### Goal of the exercise
Find, in the records below, the line that contains "1 Kilo Mantının Maliyeti 2025" and the line that contains "Pearl Bead Necklace Bracelet PNG". Copy those two lines and everything between them exactly, but not the pictures.

### Input records
▶

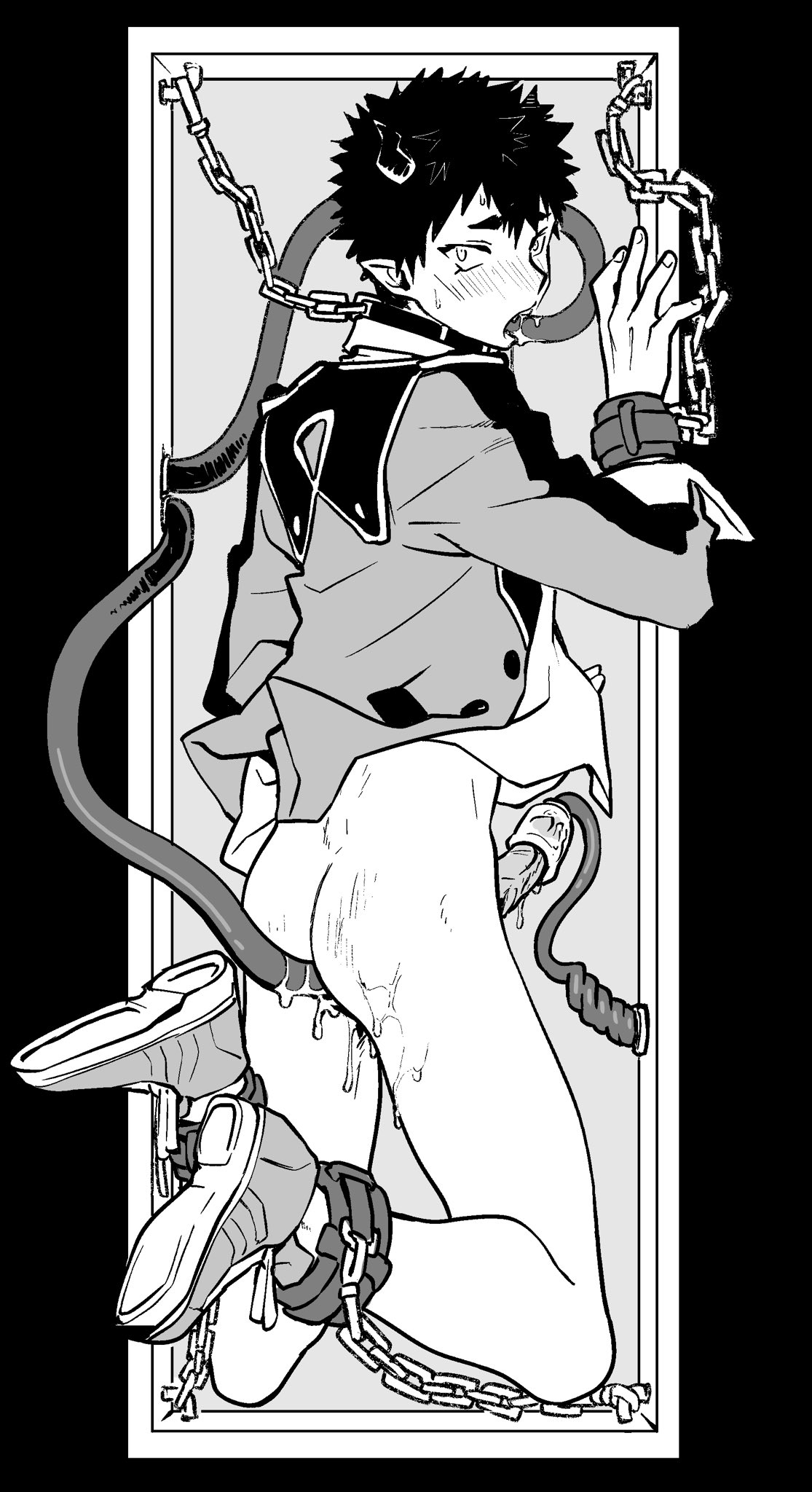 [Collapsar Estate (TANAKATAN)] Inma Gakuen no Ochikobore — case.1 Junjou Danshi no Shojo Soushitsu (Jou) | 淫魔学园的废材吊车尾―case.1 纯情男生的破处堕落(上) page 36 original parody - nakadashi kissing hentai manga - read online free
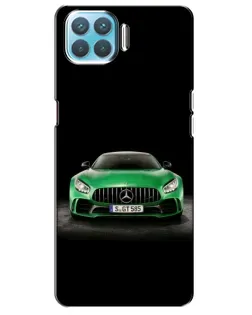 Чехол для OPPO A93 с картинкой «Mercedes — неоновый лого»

◀
▶

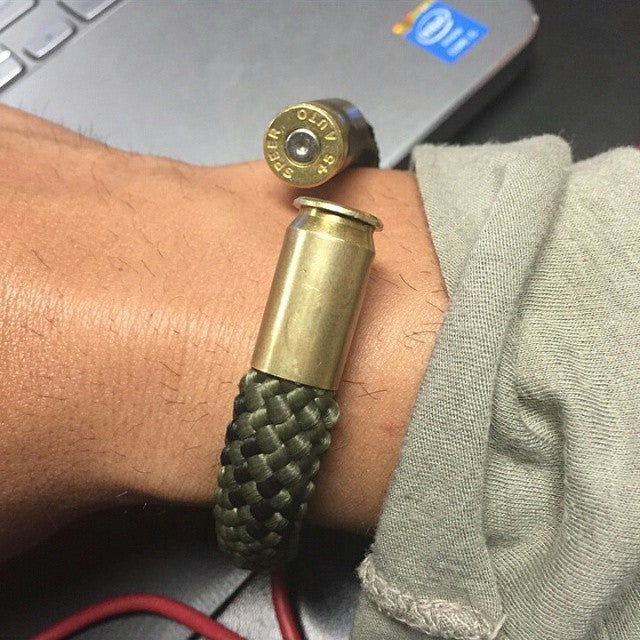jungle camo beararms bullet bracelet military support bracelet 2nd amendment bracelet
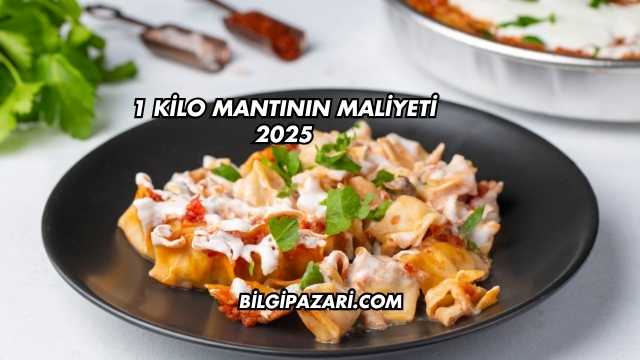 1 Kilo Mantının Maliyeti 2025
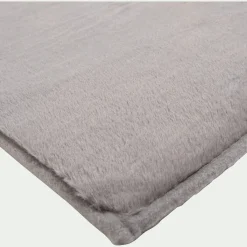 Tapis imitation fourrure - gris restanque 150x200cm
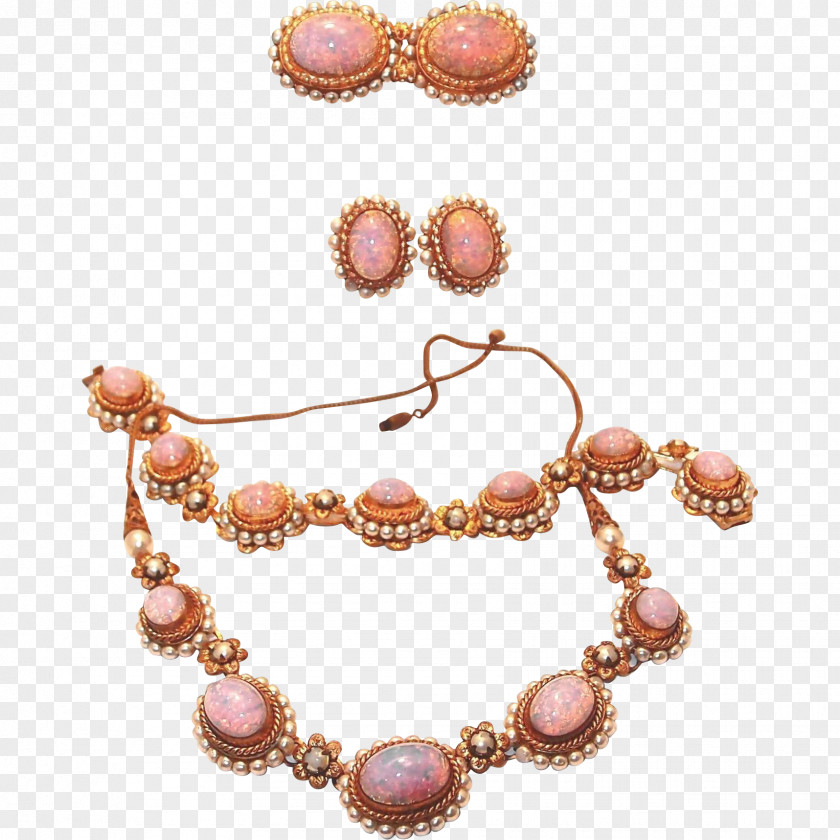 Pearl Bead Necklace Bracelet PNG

◀

### Response area
 1 Kilo Mantının Maliyeti 2025
 Tapis imitation fourrure - gris restanque 150x200cm
 Pearl Bead Necklace Bracelet PNG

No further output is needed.